Following Britishvolt’s demise last month, administrator EY revealed on Monday morning that its team had selected Recharge Industries, which is backed by US investment firm Scale Facilitation Partners, to acquire the “bulk of the business and assets.”

After months of funding issues, the UK company declared bankruptcy in mid-January, which led to the loss of more than 200 jobs.

The disaster left a dark cloud over the future of a UK battery maker for electric vehicles.

At this point, it was unclear exactly what Recharge had committed to purchase, but part of what it had in mind to buy was the potential gigafactory site in Blyth, Northumberland.

Scale Facilitation’s CEO and Recharge’s creator, David Collard, said: “We’re overjoyed that our proposed proposal for Britishvolt is moving forward and cannot wait to start putting our ideas to construct the UK’s first gigafactory into action.

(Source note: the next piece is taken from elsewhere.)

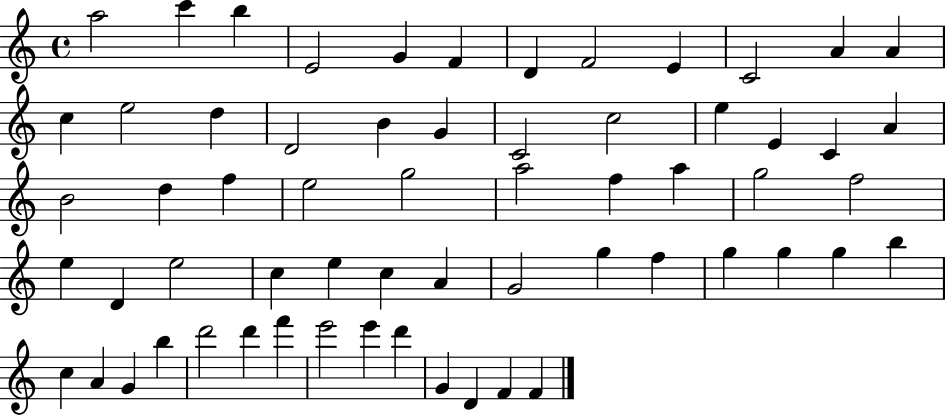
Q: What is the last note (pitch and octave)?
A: F4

We’re convinced that our plan will produce a solid conclusion for all parties involved after a competitive and demanding process.

It is expected that the new owner would keep the 26 employees who were kept on during the administration process.

Recharge stated that it was unable to comment at this time on its larger employment intentions or whether it would look to rehire people who were laid off.

About the selection of the preferred bidder, EY stated: “This comes after a process that EY undertook that included taking into account numerous approaches from interested parties and various offers received.

“The acquisition is anticipated to be completed within the next seven days.”

Next year, Recharge plans to start a plant in Geelong, Australia.

Britishvolt’s financial backing was very constrained, but their goal was to produce the power cells for 300,000 electric vehicle battery packs annually, eventually employing 3,000 people.

Private finance of £1.7 billion supported the £3.8 billion gigafactory project, but it was contingent on government assistance.

The company was to receive £100 million from the Automotive Transformation Fund, but as Britishvolt was found to have fallen short on some crucial targets, the money could not be accessed.